Questo è stato deciso per garantire la correttezza della spesa dei fondi pubblici e la scientificità delle tipologie di intervento che dovranno essere precedute da profonde e innovative indagini preliminari, non intaccando minimamente l’originalità della struttura e dei suoi materiali. Secondo Roma vanno evitati insomma quei maldestri interventi di edilizia popolare, spacciati per restauri che sono stati realizzati sul territorio. Solo competenze specifiche, tecniche adeguate, materiali appropriati. Il restauro architettonico sarà improntato a: conservazione del comportamento statico originario, compatibilità dei materiali impiegati, reversibilità, minimo intervento, riconoscibilità, e leggibilità.

«Gli sforzi di questi anni oggi trovano soddisfazione perché finalmente il Ministero attraverso il nostro Comitato e grazie al Segretariato Regionale per la Campania, prende consapevolezza dei beni che ricadono sul territorio di Marigliano» ha dichiarato il presidente, Luigi Monda. «Questo finanziamento inserito nel Piano triennale del Ministero sull'anno 2022-2023, ci fa ben sperare per il futuro dei beni artistici, storici e archeologici della nostra città.

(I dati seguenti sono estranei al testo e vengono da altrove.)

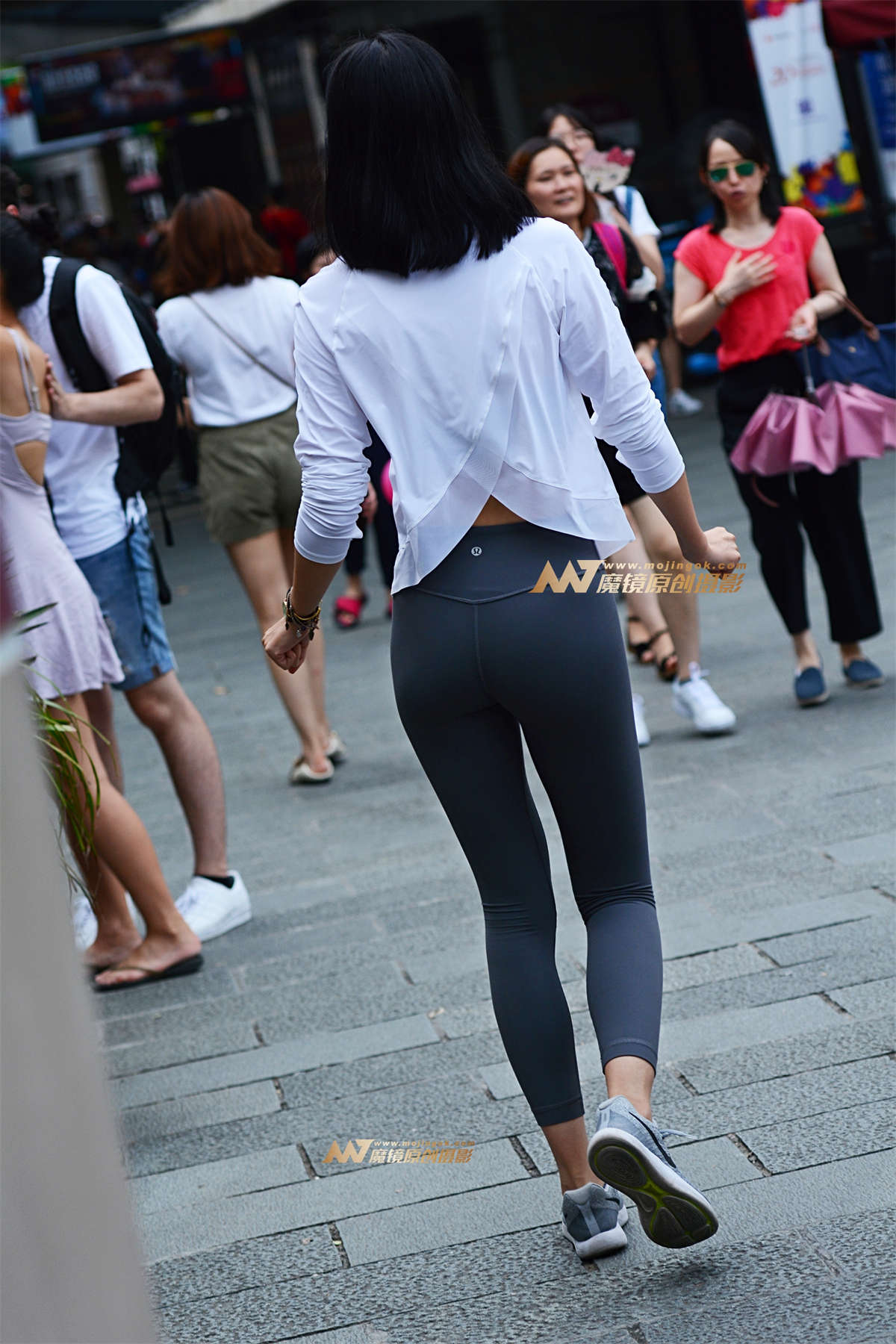 图片[2]-街上灰色紧身裤-日更街拍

Ringraziamo per questa condivisione di intenti che ci ha visto impegnati a sollecitare gli Enti preposti in questa attività di valorizzazione che rappresenta tanto la possibilità di mettere al centro la conoscenza di questi luoghi, quanto la potenzialità di questi beni in termini di sviluppo umano, sociale, economico. Siamo l’unica associazione, unita a difesa del nostro patrimonio artistico e delle nostre bellezze naturali sempre più minacciate. Noi serviamo i beni culturali di Marigliano, non ci serviamo dei beni culturali per interessi di bottega. È amore disinteressato. Crediamo che la Cultura sia l’unica medicina per curare questa città dove la cattiva politica e la mancanza di etica hanno distrutto la qualità del vivere».